After a section of the bonnet










Final wash & rinse then on to drying stage, plush microfiber drying towel










Warm air blower in the unit for the little areas around the car



















Paint readings taken with the Posi prior to any machine work










Time to inspect the paint with the 3M Sungun










Halide light


















































































The paintwork received a 2 stage machine polish via the rotary, there was no need for anything more than a polishing pad & 3.02 followed with finishing pad & 85RE on this paintwork a bit of sympathy to the paintwork goes along way 

A selection of afters prior to lsp being applied

Halide light










The windows were machine polished too

Before:










After:










Back to the paint work, 3M Sungun



















Halide light




























3M Sungun










The paint work was treated to a sealant & the tyres were dressed, alloys sealed with wheel wax, wheel arches dressed but no exhaust as the owner detested the one that came on the car & it was being replaced the following week plus all the other tiny bits that make up the end of the car clean after final checks she was rolled out into the morning sun for some photo's before the owner arrived from Wales to collect



























































































One from inside the unit










Was the owner happy ? I think so as I've just detailed his Aston Martin Vanquish 

There we have it 2 day exterior enhancement on a Subaru Impreza 22B

Thanks for taking the time to look

Facebook page: www.facebook.com/autodetox

Regards
Barry
Auto Detox
www.autodetox.co.uk


----------



## Jack (May 14, 2007)

Stunning car and great work.

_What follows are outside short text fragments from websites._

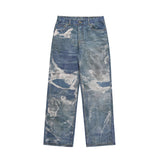 y2k hip hop laser printed hole casual loose jeans pants for men and women straight patchwork oversized baggy denim trousers vintage washed jeans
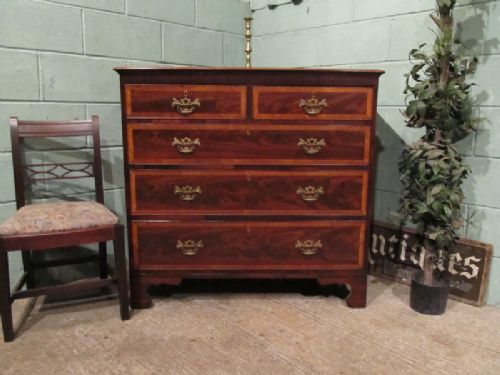 Antique Georgian Regency Mahogany & Walnut Chest of Drawers C1810 W7038/6.8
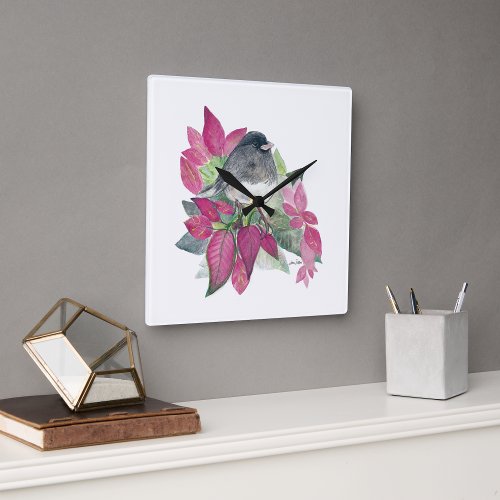 Junco Bird Watercolor Wall Dcor Square Wall Clock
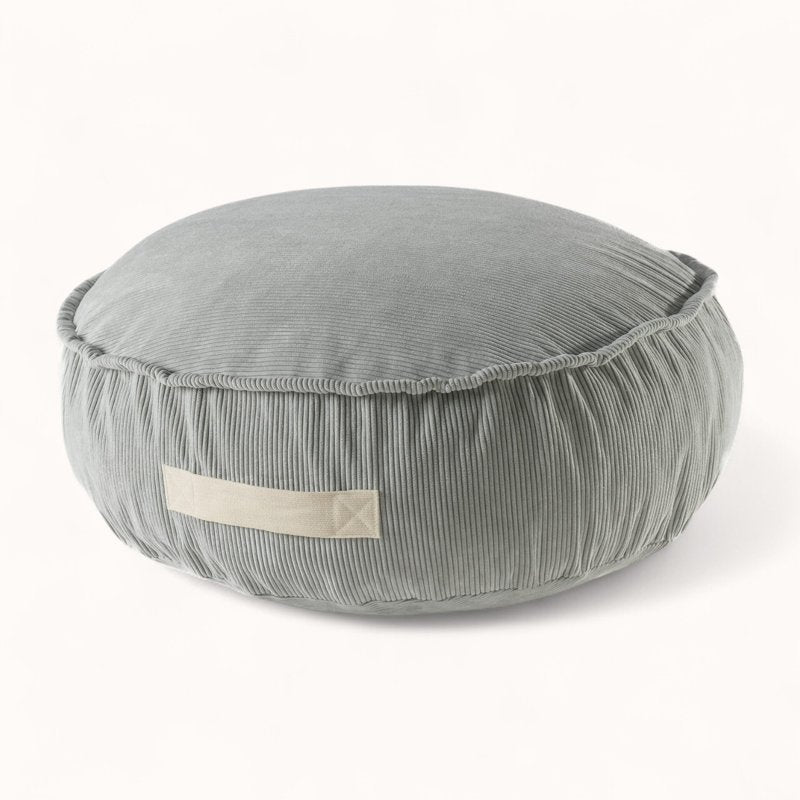 Pouf Rond pour Enfant en Velours Côtelé gris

It's nice to see one of these in original condition


----------



## d7ve_b (Jul 1, 2010)

Stunning motor and great work.


----------



## AGRE (Sep 25, 2008)

Great results :buffer: Looks great now :thumb: thanks for the detailed write up...


----------



## stonejedi (Feb 2, 2008)

Superb work on a special car.SJ.


----------



## Guru (Aug 28, 2013)

Top work on that one. When is the thread on the Vanquish coming up?


----------



## Willows-dad (Jul 12, 2012)

Awesome before and even more so after. Smashing work. I hope it's an original exhaust going on, a car like that shouldn't be modified.


----------



## GarveyVW (Jun 28, 2013)

Wow, that car looks awesome. Fantastic gloss and top work.


----------



## sludge59 (Nov 28, 2010)

Excellent work Baz. Enjoyed the write up. Glad to see you back on here, it's been far to long since we saw some of your work.


----------



## moono16v (Oct 12, 2010)

We'll done that look brilliant. Mirror finish on the sides!


----------



## JMorty (Apr 25, 2011)

Wowser!!! Nice work. I do love those wheels man.


----------



## awoogar (Aug 27, 2013)

Great work there buddy..


----------



## Auto Detox (Dec 22, 2007)

Jack said:


> Stunning car and great work. It's nice to see one of these in original condition


Thanks Jack, have to agree the owner had already de-customised it before it came to me (your avatar it too funny :lol



d7ve_b said:


> Stunning motor and great work.


Cheers Dave



AGRE said:


> Great results :buffer: Looks great now :thumb: thanks for the detailed write up...


You're welcome & thanks for the comment



stonejedi said:


> Superb work on a special car.SJ.


Cheers jedi



Guru said:


> Top work on that one. When is the thread on the Vanquish coming up?


Thanks, not sure if I will post the Vanquish but here is a pic of it for you :thumb:


Aston Martin Vanquish by autodetox, on Flickr



Willows-dad said:


> Awesome before and even more so after. Smashing work. I hope it's an original exhaust going on, a car like that shouldn't be modified.


Yes its going to be an original item for the exhaust :thumb: Cheers for the kind words



GarveyVW said:


> Wow, that car looks awesome. Fantastic gloss and top work.


Thanks Garvey



sludge59 said:


> Excellent work Baz. Enjoyed the write up. Glad to see you back on here, it's been far to long since we saw some of your work.


Cheers mate ! Nice to be missed, most didn't even notice I wasnt posting :lol: 



moono16v said:


> We'll done that look brilliant. Mirror finish on the sides!


Thanks really appreicate the kind words



JMorty said:


> Wowser!!! Nice work. I do love those wheels man.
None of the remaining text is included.